**MATERIAL TO PROCESS**
----------
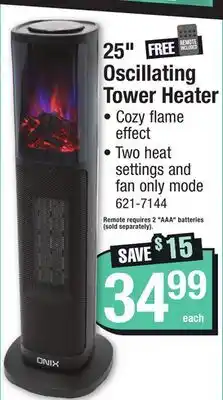 Menards 25 Oscillating Tower Heater offer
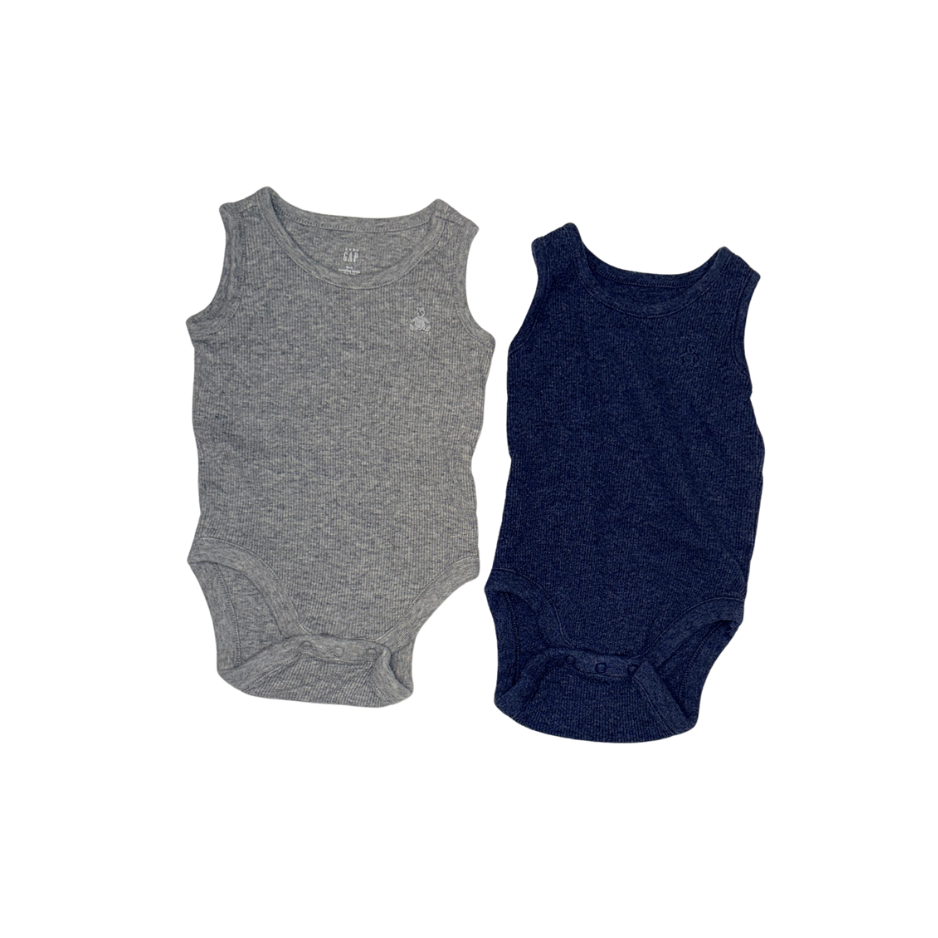 Set of 2 sleeveless bodysuits | Grey & navy blue | 0-3M
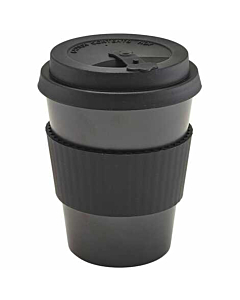Black Reusable Bamboo Fibre Coffee Cup 35cl/12.25oz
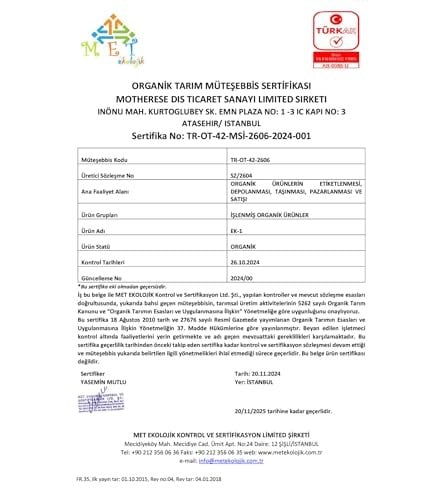Motherese Organik Tatlı Biber Salçası 610gr - Motherese Organik Bebek Tatlı Biber Salçası 610gr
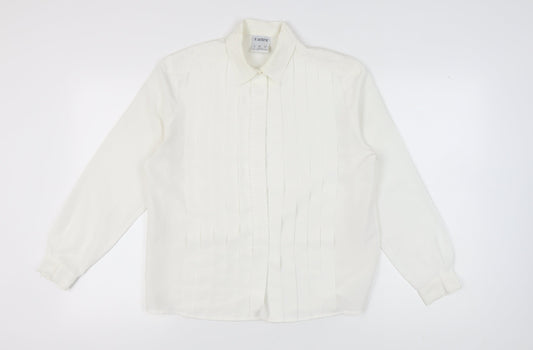 Eastex Women's White Blouse Size 14 Long Sleeve Formal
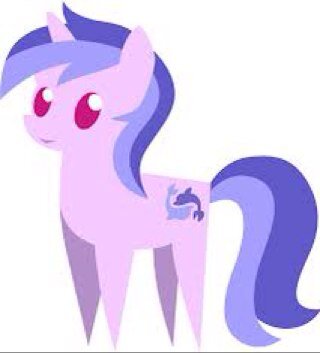 Im SeaFoam. I have shaded blue hair, pink coat and eyes. My cutie mark is two dolphins, one lavender coloured and one dark purple coloured.
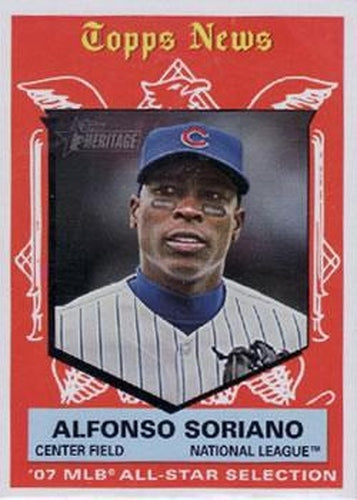 #491 Alfonso Soriano - Chicago Cubs - 2008 Topps Heritage Baseball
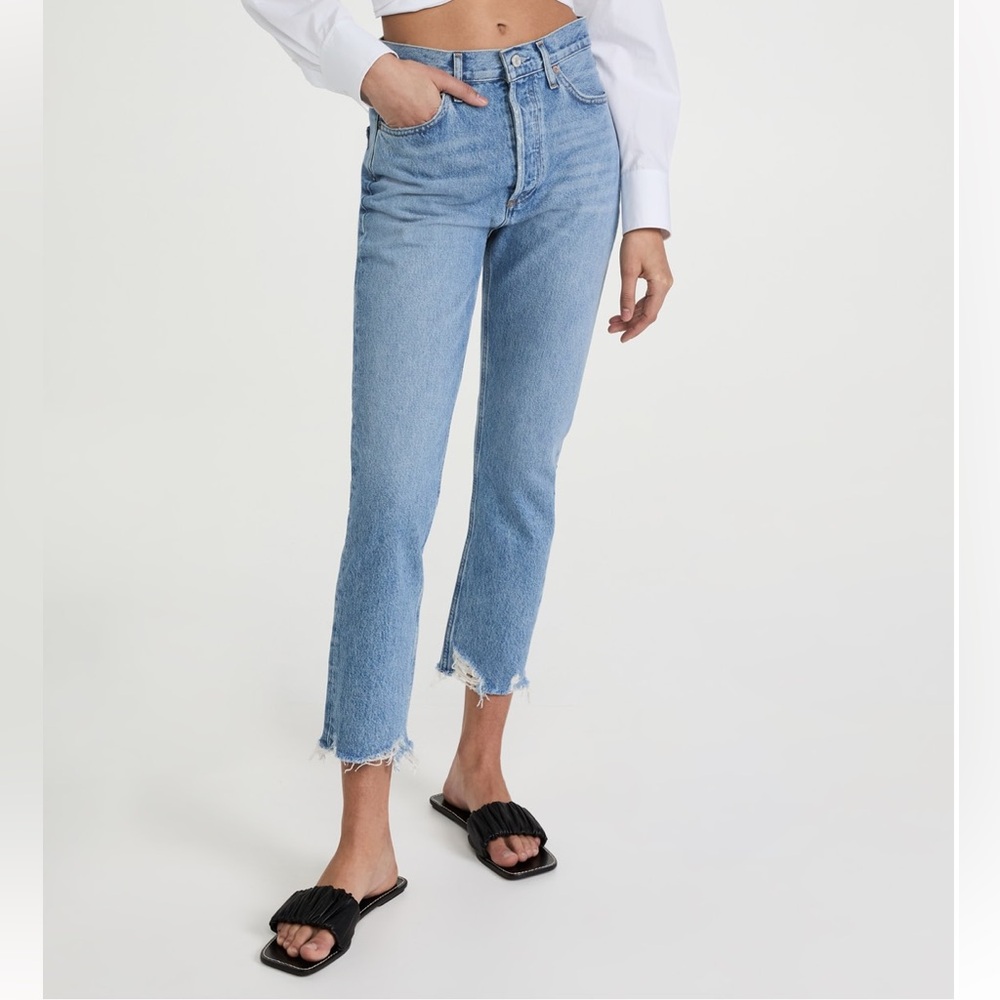 Agolde Riley High Rise Straight Crop Jeans NWT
----------
**THE PROBLEM**
Exactly as they appear above, give the records again, without their pictures.

**SOLUTION TO THIS EXERCISE**
 Menards 25 Oscillating Tower Heater offer
 Set of 2 sleeveless bodysuits | Grey & navy blue | 0-3M
Black Reusable Bamboo Fibre Coffee Cup 35cl/12.25oz
Motherese Organik Tatlı Biber Salçası 610gr - Motherese Organik Bebek Tatlı Biber Salçası 610gr
 Eastex Women's White Blouse Size 14 Long Sleeve Formal
 Im SeaFoam. I have shaded blue hair, pink coat and eyes. My cutie mark is two dolphins, one lavender coloured and one dark purple coloured.
 #491 Alfonso Soriano - Chicago Cubs - 2008 Topps Heritage Baseball
 Agolde Riley High Rise Straight Crop Jeans NWT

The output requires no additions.